2014 GSA Annual Meeting in Vancouver, British Columbia (19–22 October 2014)

Paper No. 8-3
Presentation Time: 8:45 AM

MAKING THE MOST OF PLACE-BASED INFORMAL SCIENCE EDUCATION


ITO, Emi, Earth Sciences and Limnological Research Center, University of Minnesota, 116 Church Street, SE, Minneapolis, MN 55455, DALBOTTEN, Diana, National Center for Earth-surface Dynamics, St. Anthony Falls Laboratory, University of Minnesota, 2 Third Ave. SE, Minneapolis, MN 55414, PELLERIN, Holly, National Center for Earth-surface Dynamics, University of Minnesota, 2 3rd Av SE, Minneapolis, MN 55414, HOWES, Thomas, Fond du Lac Reservation Resource Management Division, 1720 Big Lake Rd, Cloquet, MN 55720, MYRBO, Amy, LacCore/CSDCO, Department of Earth Sciences, University of Minnesota, 500 Pillsbury Dr. SE, Minneapolis, MN 55455 and CAKICI, Hanife, Humphrey School of Public Affairs, University of Minnesota, 301 19th Ave.
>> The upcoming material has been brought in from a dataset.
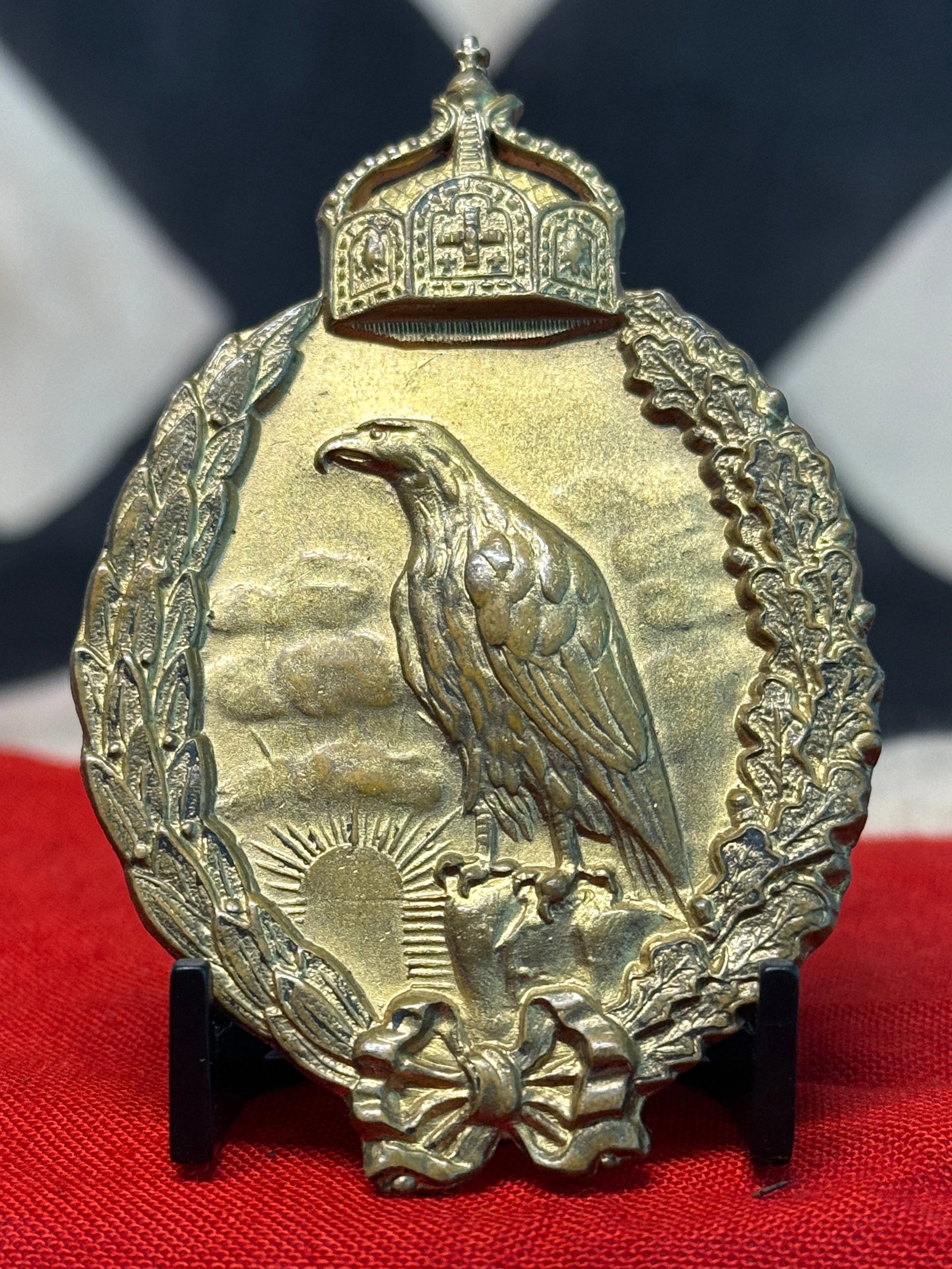Imperial German Eagle & Pickelhaube Shooting Association Badge: An elaborate gold-colored German shooting or veterans’ association badge dominated by a finely rendered Imperial eagle standing upon a raised geographic or rocky formation. A radiant rising sun appe
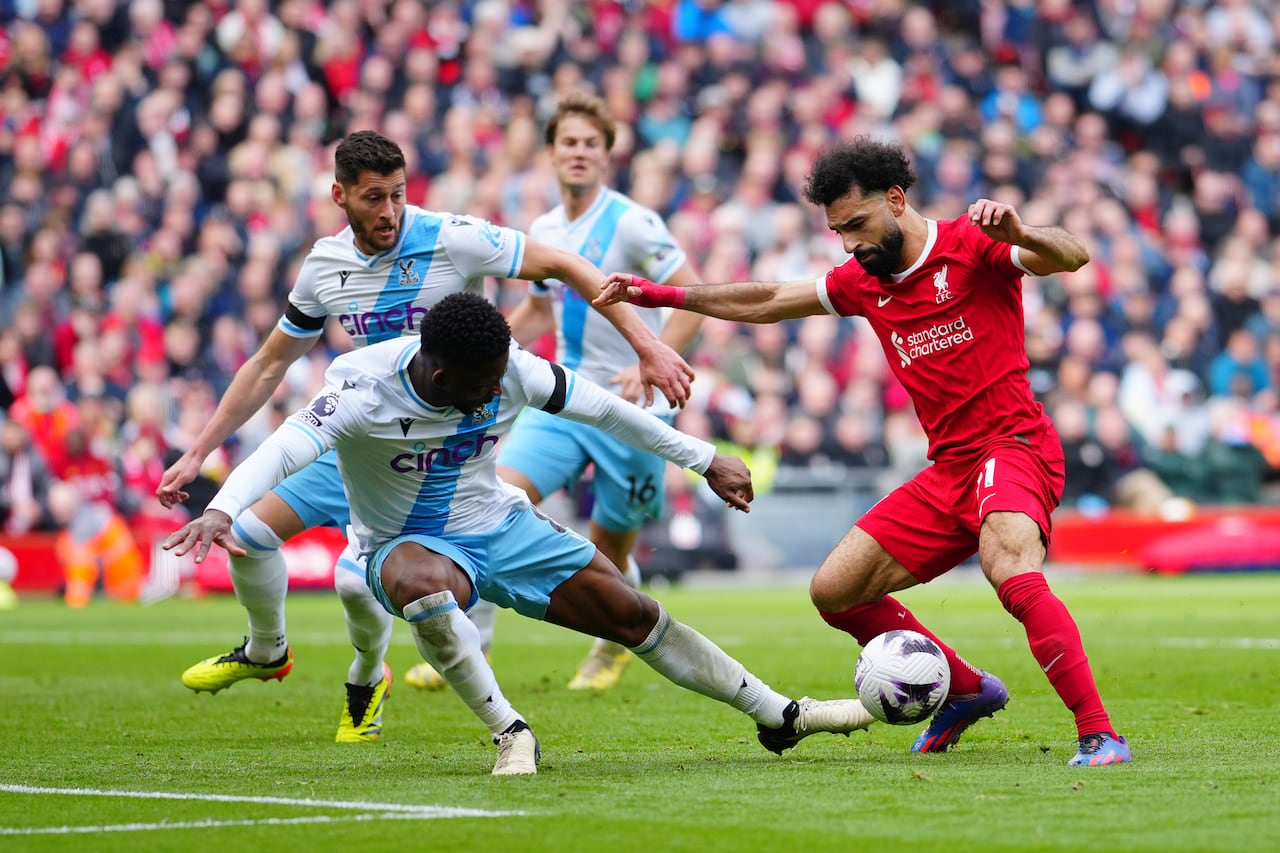 Liverpool's Mohamed Salah, right, challenges for the ball with Crystal Palace's Jefferson Lerma during the English Premier League soccer match between Liverpool and Crystal Palace at Anfield Stadium in Liverpool, England, Sunday, April 14, 2024. (AP Photo/Jon Super)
S, Minneapolis, MN 55455

From our first informal science education program, gidakiimanaaniwigamigcamps started in 2003 with Fond du Lac Band of Lake Superior Chippewa, we used a place-based approach, collaboratively designing activities with local middle- and high-school teachers and tribal elders. We held camps on the reservation, looked at seasonal changes on the reservation, and studied other science topics. The students enjoyed coming to the camps and the teachers took the ownership of designing curriculum, but the students were passive participants.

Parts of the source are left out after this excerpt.